After the enactment of the Civil Rights of Act of 1964, which largely addressed racial discrimination and segregation, obstacles to full voting rights for African-Americans remained, especially in the South. Civil rights organizations such as the Southern Christian Leadership Council and the Student Nonviolent Coordinating Committee attempted to register black voters but were met with resistance. Black people were supposed to be able to vote but were prevented from voting in a variety of ways, including having to take literacy tests (which illiterate whites were enabled to bypass using a “grandfather clause”); poll taxes, which required some people to pay a fixed rate in order to vote; and ongoing intimidation of voters by individuals and groups.
In the early 1960s, there was a great deal of organizing and protesting around voter rights. In February 1965, after the murder of civil rights activist Jimmie Lee Jackson by state troopers while he was participating in a peaceful voting rights demonstration, activists organized a huge protest march from Selma to Montgomery, Ala. The purpose of the march was to push for voting rights legislation; it took three attempts to complete the march.

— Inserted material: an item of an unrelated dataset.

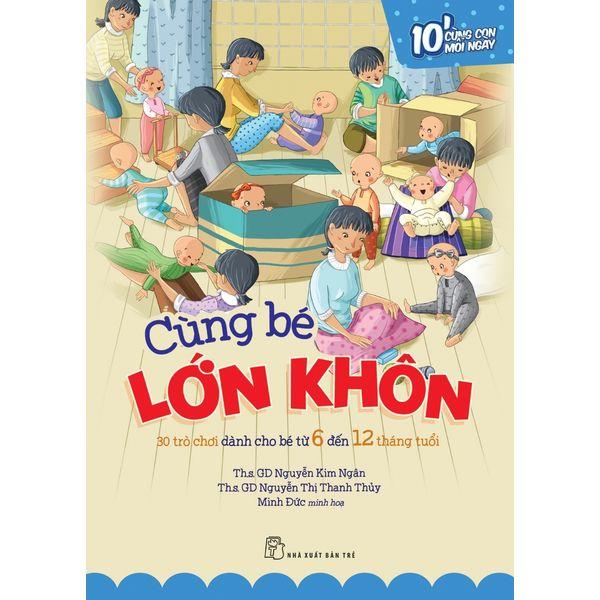 Cùng Bé Lớn Khôn: 30 Trò Chơi...Bé Từ 6 Đến 12 Tháng Tuổi - 10P Cùng Con Mỗi Ngày - Bản Quyền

The first attempt on March 7 came to be known as Bloody Sunday because Alabama state troopers rushed the marchers at the Edmund Pettus Bridge. The troopers used whips, nightsticks and tear gas to beat the marchers back to Selma. The second attempt, two days later, came to be known as Turnaround Tuesday, because as the protesters crossed the bridge this time, they saw flashing lights, police cars and helmeted troopers carrying shotguns. Dr. Martin Luther King Jr. led the group in prayer and then turned the marchers around. The third attempt on March 21 was successful. Nearly 8,000 people, representing all races and religions, set off from Selma protected by U.S. Army troops and Alabama National Guard forces (ordered by President Lyndon Johnson). The marchers reached Montgomery on March 25 welcomed by more than 25,000 supporters who gathered to hear Dr. King and other speakers.
On Aug. 6, 1965, the Voting Rights Act was signed into law.
1. Since 1965, how have voting rights changed for African-Americans and other members of minority groups?
2. Why are voting rights important?
3. In what ways is voting still an issue in 2015?
4. In what ways did organizing and activism play a role in passing the Voting Rights Act of 1965?